The abstract factory pattern relies on factories that encapsulate groups of factories and control over how the client accesses them. Is beyond our aim to discuss this pattern.

JSF factory pattern implementation
JSF uses the factory method pattern for exposing a set of artifacts. We can point out some of them as: PartialViewContext, RenderKit, ExceptionHandler, VisitContext, ExternalContext, Flash, etc. These are abstract classes that belongs to JSF specification and have proper implementations in Mojarra/MyFaces of type ArtifactImpl. For each such artifact, JSF provides a factory class capable to create and return a new ArtifactImpl instance.

JSF specification provides the abstract factory classes that will be extended by the concrete implementations. The names of these classes follows the pattern ArtifactFactory, and the implementations (Mojarra and Apache MyFaces) follows the pattern ArtifactFactoryImpl.

For example, the ExceptionHandler artifact has the following abstract factory attached in the specification:

// JSF 2.0 specification
public abstract class ExceptionHandlerFactory implements FacesWrapper<ExceptionHandlerFactory> {

 public ExceptionHandlerFactory() {
 }
   
 public ExceptionHandlerFactory getWrapped() {
  return null;
 }

 public abstract ExceptionHandler getExceptionHandler();   
}

Now, the concrete implementations extends ExceptionHandlerFactory. For example, the Mojarra implementation is com.sun.faces.context.ExceptionHandlerFactoryImpl:

public class ExceptionHandlerFactoryImpl extends ExceptionHandlerFactory {

 public ExceptionHandlerFactoryImpl() {
 }

 public ExceptionHandler getExceptionHandler() {
  // return an ExceptionHandler implementation instance
 }
...
}

In Apache MyFaces we have the implementation available in

org.apache.myfaces.context.ExceptionHandlerFactoryImpl:

public class ExceptionHandlerFactoryImpl extends ExceptionHandlerFactory {
 @Override
 public ExceptionHandler getExceptionHandler() {
  // return an ExceptionHandler implementation instance
 }
}
In JSF, the factories are initialized by FactoryFinder, which recognizes if a custom factory has a delegating constructor—a one argument constructor for the type of the factory. JSF is very flexible, so we can write custom factories implementations to return custom artifacts and/or to alter an existing factory instance (see the factory getWrapper() method above).
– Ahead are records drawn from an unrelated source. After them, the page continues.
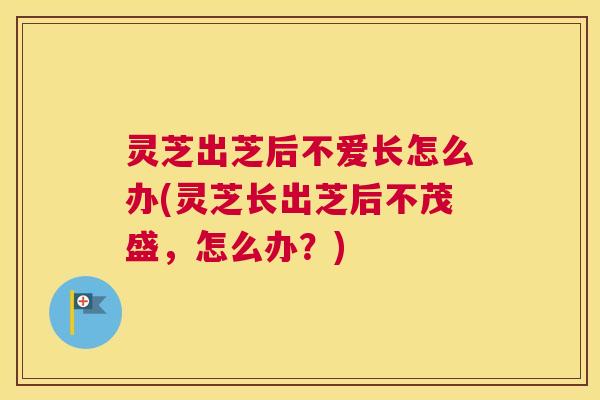 灵芝出芝后不爱长怎么办(灵芝长出芝后不茂盛，怎么办？)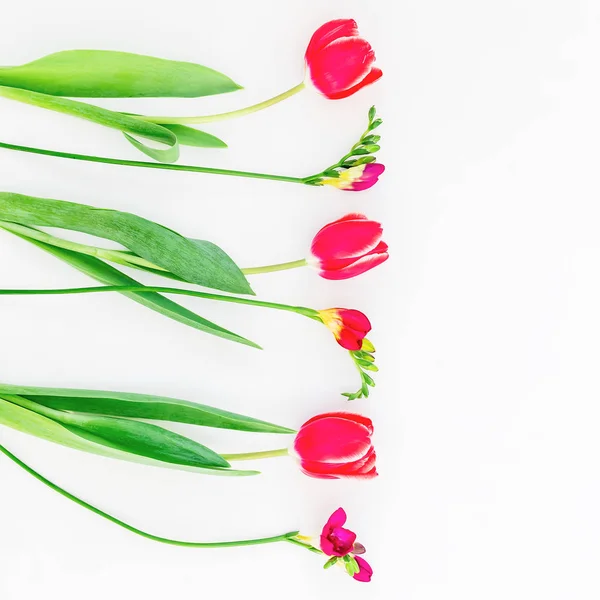 Schöne Blumen auf weißem Hintergrund — Stockfoto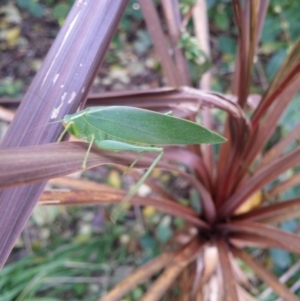 Caedicia simplex at Monash, ACT - 13 Jun 2015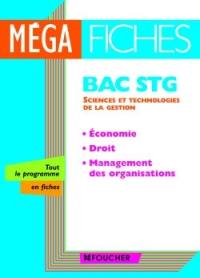 Bac STG sciences et technologies de la gestion : économie, droit, management des organisations
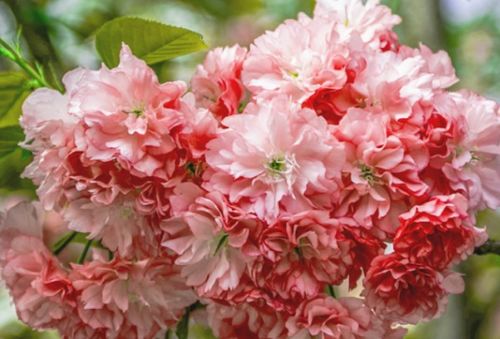 蔷薇科植物有哪些,蔷薇科植物特征都有什么？
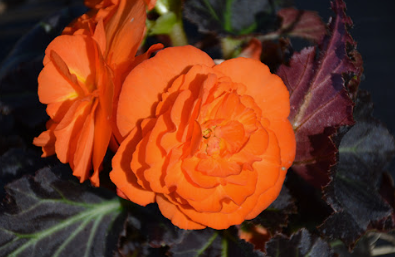 Begonia elatior Non Stop Moccha Bright Orange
This is useful when we want to wrap standard factory from JSF, because FactoryFinder will pass in the previously known factory, usually the built-in one. Factory instances are obtained as follows:

XXXFactory factory = (XXXFactory) FactoryFinder.getFactory(FactoryFinder.XXX_FACTORY);

For example, RenderKitFactory can be found using the following code:

RenderKitFactory factory = (RenderKitFactory) FactoryFinder.getFactory(FactoryFinder.RENDER_KIT_FACTORY);

Commonly, when we need to instruct JSF to return a custom artifact provided via a factory, we follow three main steps:

1. Write the custom artifact (JSF provides wrappers for almost all artifacts, so, most probably you will extend the corresponding wrapper - of course, if you don't need the original artifact instance or you need to implement the entire set of artifact abstract methods, then you don't need the wrapper class).
2. Write the factory implementation by extending the ArtifactFactory class and overriding the desired methods (obviously, among others, we need here the method capable to return the artifact instances).
3.Instruct JSF to use our factory implementation by making the required configurations in faces-config.xml via the <factory> tag.

You can see an example of writing a custom RenderKitFactory in Write Custom RenderKitFactory Skeleton. More examples are available in chapter 5 of book, Mastering JavaServer Faces 2.2.